Montar el nacimiento es una de las tradiciones más bellas de la Navidad, cargada de simbolismo y devoción. Lo más importante es que el Niño Jesús sea la figura central, colocada en el pesebre. Él es el corazón de la escena y representa el motivo de la celebración.

A sus lados, justo como lo indica la tradición, deben colocarse María y José. Ella, con mirada de amor y protección; él, como guardián de la Sagrada Familia. Juntos forman un círculo de ternura alrededor del recién nacido.

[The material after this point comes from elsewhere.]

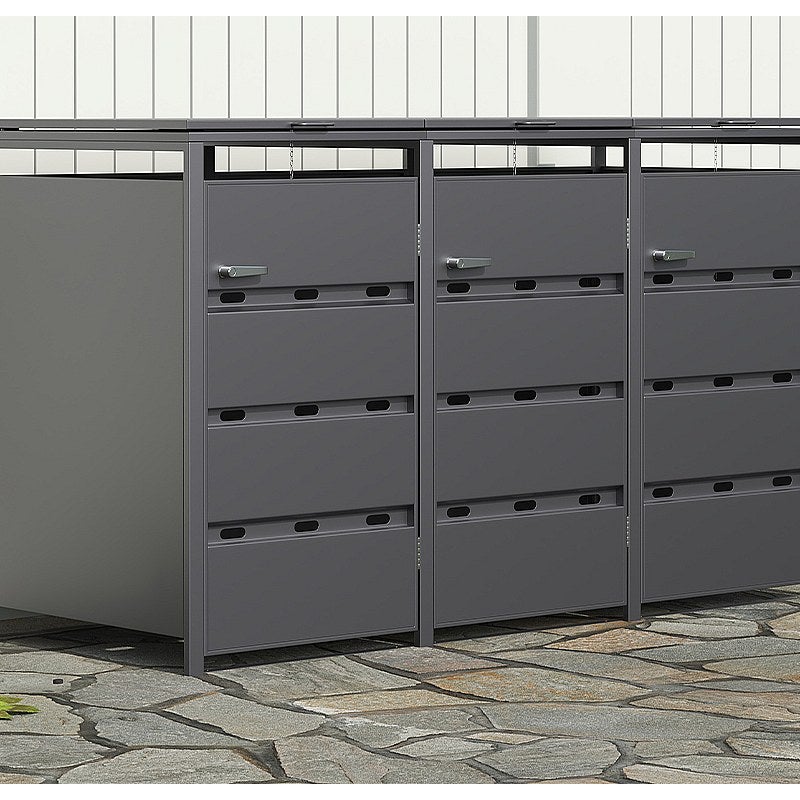 Osłona na śmietnik z ocynkowanej stali w kolorze antracytowym - 0,6 mm - 3 kosze po 240L - S200 x G80 x W116 cm - LOKAFA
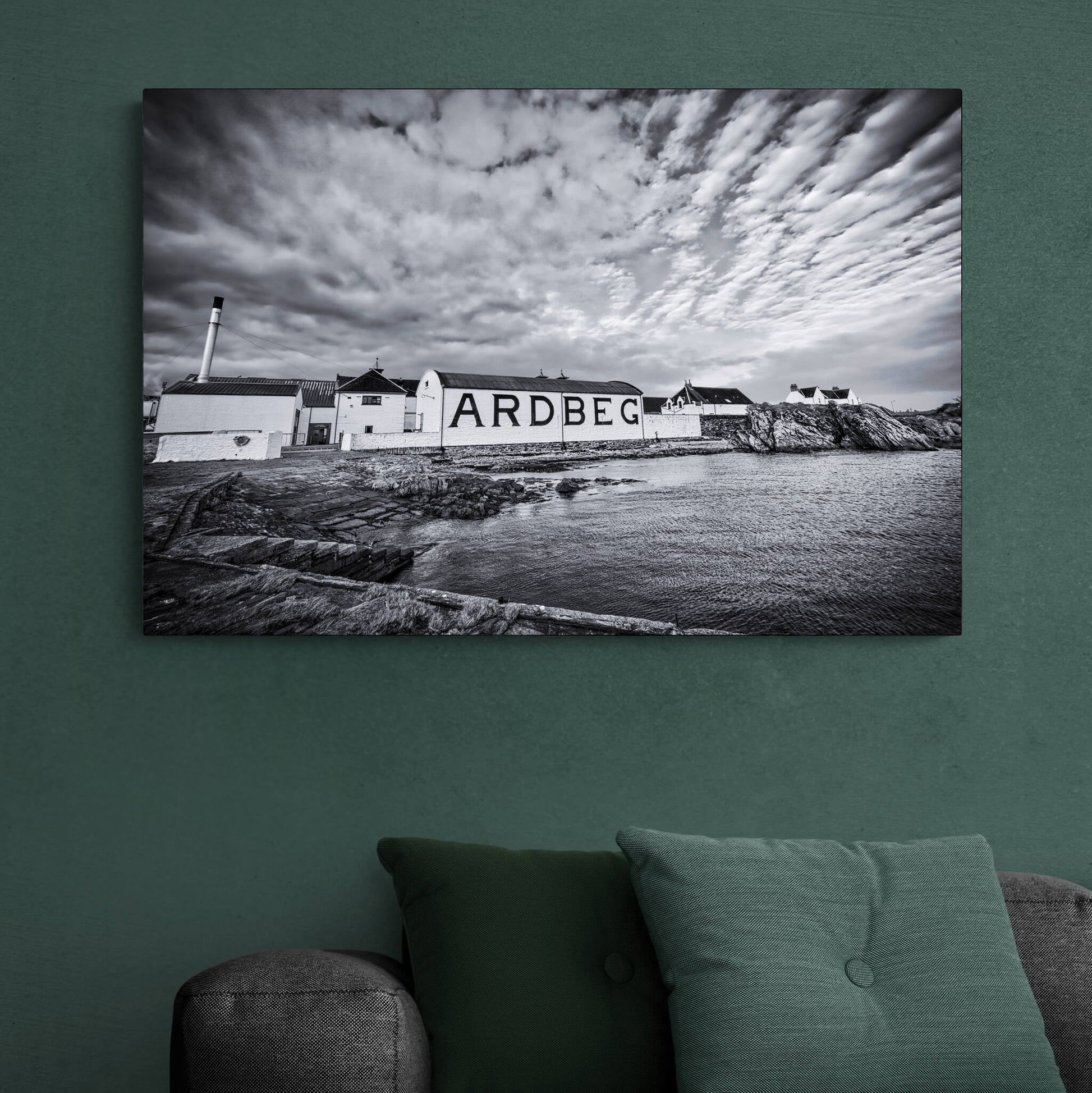 Ardbeg Distillery Black and White Canvas 36"x24" / White Wrap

Un poco más retirados, pero siempre mirando hacia el centro, se sitúan los Reyes Magos. Representan a todos los pueblos que llegan a adorar al Salvador. En muchas casas, sus figuras se van acercando poco a poco hasta el Día de Reyes, el 6 de enero, cuando finalmente "llegan" al pesebre.

En una tercera línea, rodeando la escena, se colocan los animales —como el buey y la mula— y las demás figuras: pastores, campesinos, ángeles. Cada uno tiene su lugar, mostrando que todos son bienvenidos ante el milagro del nacimiento.

Este orden no es solo estético, sino profundamente espiritual. Recuerda que, en Navidad, todos convergen hacia un mismo punto: el amor que nace en humildad. Armado con fe o con simple cariño, el nacimiento siempre transmite esperanza.